__Task instructions__. Entries follow. Give back exactly the lines starting at the one containing "Leatt Femme Scarpe" and ending at the one containing "Herren - Shorts - blau", and no other lines.

__Study material__.
+--

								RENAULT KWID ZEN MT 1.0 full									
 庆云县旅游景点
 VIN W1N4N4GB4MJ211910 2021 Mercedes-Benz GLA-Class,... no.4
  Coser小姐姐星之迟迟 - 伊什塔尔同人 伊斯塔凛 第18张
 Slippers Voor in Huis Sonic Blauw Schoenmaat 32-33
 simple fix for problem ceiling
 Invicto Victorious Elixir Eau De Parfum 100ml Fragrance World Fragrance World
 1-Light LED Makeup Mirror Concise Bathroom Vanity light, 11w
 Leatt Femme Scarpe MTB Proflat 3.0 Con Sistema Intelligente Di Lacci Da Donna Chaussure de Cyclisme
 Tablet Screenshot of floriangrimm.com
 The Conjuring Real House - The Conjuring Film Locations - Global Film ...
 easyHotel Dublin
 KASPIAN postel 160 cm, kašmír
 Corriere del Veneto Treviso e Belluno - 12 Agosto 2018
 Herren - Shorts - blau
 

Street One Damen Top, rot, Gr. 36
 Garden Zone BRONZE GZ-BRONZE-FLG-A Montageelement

+--

__Result__.
 Leatt Femme Scarpe MTB Proflat 3.0 Con Sistema Intelligente Di Lacci Da Donna Chaussure de Cyclisme
 Tablet Screenshot of floriangrimm.com
 The Conjuring Real House - The Conjuring Film Locations - Global Film ...
 easyHotel Dublin
 KASPIAN postel 160 cm, kašmír
 Corriere del Veneto Treviso e Belluno - 12 Agosto 2018
 Herren - Shorts - blau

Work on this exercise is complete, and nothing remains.